Chateau de Monte-Cristo

It's not really a chateau, it's not even really French either, and for that matter, there is no Monte Cristo in France (just a volcanic island off the coast of Italy) and no count either. But who cares? Alexandre Dumas, the author of The Count of Monte Cristo, The Three Musketeers, and dozens of other over-the-top novels and plays, pulled himself up by his bootstraps and built a place to call his own. He borrowed details from the Renaissance, the Gothic, the Moorish, and half a dozen other styles in a great mess of house where he could entertain. He did his writing in a separate building perched atop a hill facing the main house, nicknaming it the Chateau d'If, after the prison in the harbor in Marseille where his count was unjustly imprisoned for so many years. Dumas lived large, producing an incredible body of work, and enjoying a reputation as a gourmand, a generous friend, and completely inept when it came to money. He lost the house just two and half years after he built it.
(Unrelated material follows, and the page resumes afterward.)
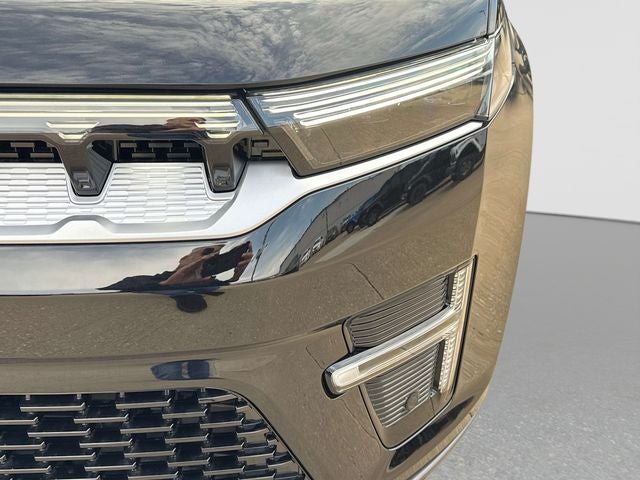 2026 Jeep Grand Wagoneer L 4x4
While this was once in the countryside, just two steps from the Seine, today suburbia has encroached upon Le Port Marly and two busy highways and a train track separate the house from the river. Happily, it's only a half hour's drive west from Paris and definitely worth the trip, that is if you have wheels or someone else to drive you. (I can't imagine there's any easy way to get there via public transportation.) Call ahead though because it's only open at odd hours in the winter months.

Chateau de Monte-Cristo


Starman said...

The Chateau de Monte-Cristo looks like a model.

Sharon said...

Wanted you to know that for the last week I have been reading Dumas' Count of MC. I was so pleased to wake up this AM and read your posting. Thanks so much for making it live even more for me. I am reading the Count about a month after reading Les Miserables. Love French literature from the 19th century.

Jeff Butryn
Naperville, IL

jonnifer said...

Ca fait rêver. Thanks for posting on this, it definitely deserves a visit.